Quelli della “partecipazione” – che è un carattere generazionale saliente – legati in parte rilevante alla storia di una famiglia politica democratica, quella dei socialisti, raccontata – con i ritratti dei protagonisti più frequentati – anche per rivendicare la qualità di quella storia. Con la coscienza e l’avvertenza che oggi un po’ di chiarezza sul passato servirebbe di più allo sforzo di ricomposizione di una proposta generale di novità e ad una regola di “normalità” per un paese che ha bisogno di guardare avanti non rintanato negli scontri ideologici di ieri e dell’altro ieri. La vita di uno dei tanti che – nato fortunato, per famiglia e per generazione – ha cercato di non tradire le tacite aspettative di quel frammento straordinario di storia (la pace, la ricostruzione, la libertà, la ricomposizione dei genitori,l’amore, lo studio, il lavoro, le polemiche, le proteste, i diritti) capitata tra la nascita e la prima formazione.
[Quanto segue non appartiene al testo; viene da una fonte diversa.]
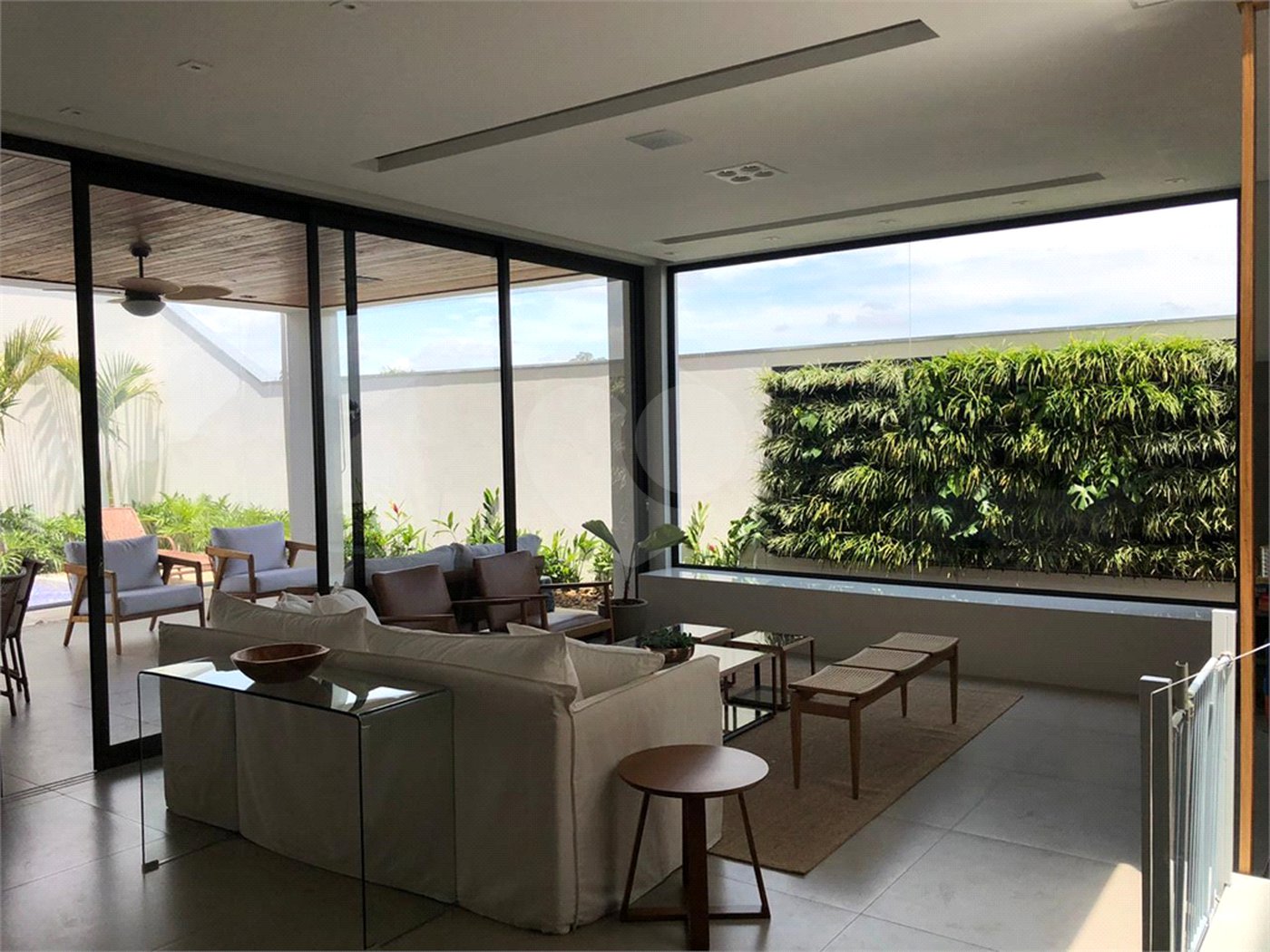 Casa à venda com 4 suítes no condomínio Alphaville Nova Esplanada 3, Votorantim - SP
Tra quelle carte e il loro breve (qualche volta meno breve) adattamento c’è la possibilità di far emergere aspetti di un contesto in cui altri miei coetanei hanno seguito piste diverse. Non lo dico per giudicare o per distribuire pagelle. Ma per non dimettere una lunga e lontana discussione. Soprattutto per contribuire a chiarire i margini di ambiguità del nostro tempo. Ambiguità che, al fondo, è un dato di sintesi che vedo emergere su tutti gli altri. E facendolo anche con un rivolo di polemica. Con gli assenti, con gli incoerenti, con i violenti. Questa “diaspora generazionale” – spero lo si possa comprendere – rende il racconto meno trattabile sui registri frivoli. Ammettendo tuttavia una gran voglia di tornare a dare legittimità a certe frivolezze. Prima o poi – lo annuncio – mi piacerebbe tornare a descrivere il presente con gli occhi di Flaiano.
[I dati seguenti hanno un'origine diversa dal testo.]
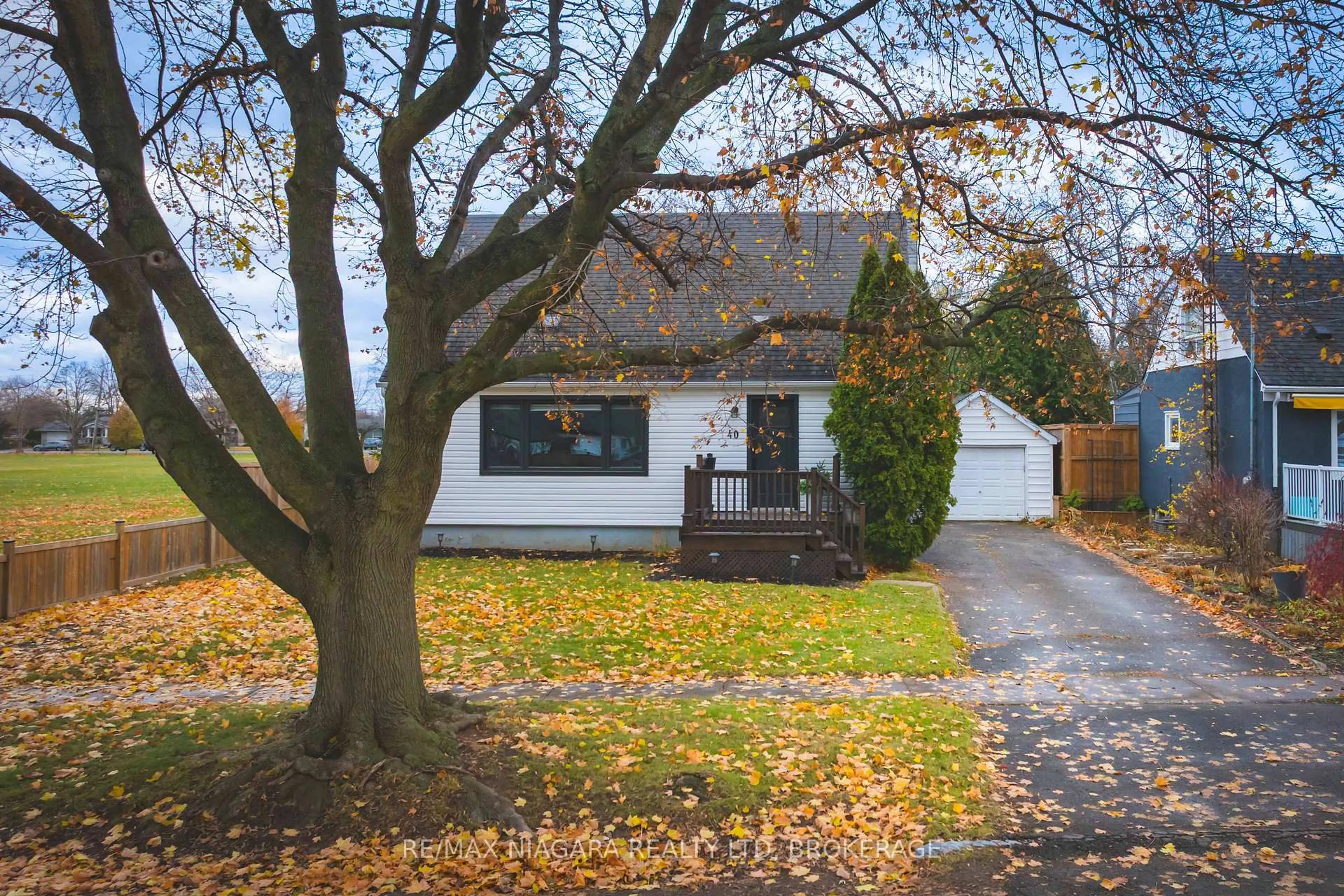 A pic from outside/outdoor area/front of a property/back of a property/a pic from drone, street for 40 Maplewood Dr, St. Catharines Ontario L2M 3P1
Qui ci sono parole, versi ritrovati, appunti a margine, ritratti di occasione, dialoghi,scritti compiuti. Il libro è una sorta di piano-sequenza su un percorso di vita. Caos calmo si direbbe in questi giorni di uscita del nuovo film con Nanni Moretti, che riprende la scrittura di Sandro Veronesi. Fermarsi – dicono – per eccesso di successo o per criticità di un trauma. Ma anche per nulla di tutto ciò. Più semplicemente per mettere fine a una lunga ruminazione. Un caos calmo, che ci appare come condizione di cornice (per inciso, se si decidesse che l’accento va posto sul profilo soggettivo, il mio film preferirei chiamarlo ordine vulcanico e se dovessi scegliere un personaggio che abbandona la mischia per una sua “realtà”preferirei il barone rampante di Calvino) e che magari vorremmo concepito in modo meno frigido di Moretti. Comunque, un punto sulla nostra vita. Vita di chi tendenzialmente non ha mai sentito il suo privato estraneo alla memoria condivisa di un paese e di una generazione. E il rapporto con la memoria è un sottile e forte combustibile. Esso vorrebbe co-munque essere sempre rivolto al futuro. Come scrive Elie Wiesel: “La vita della mia memoria è la mia vita; se una muore, l’altra si spegne”.
Il fatto che questo percorso non sia né quello di un capo né quello di un gregario, né quello di un ribelle né quello di un reazionario, impoverisce – secondo la moda editoriale – la proposta, ma rende possibile accettare l’ipotesi che l’epoca sia stata davvero di grandi opportunità. Me la piglio con alcuni, è vero. Ma il sentimento di fondo – anche per questa ragione – è dominato dalla gratitudine. Sentimento,come si sa,editorialmente considerato minore.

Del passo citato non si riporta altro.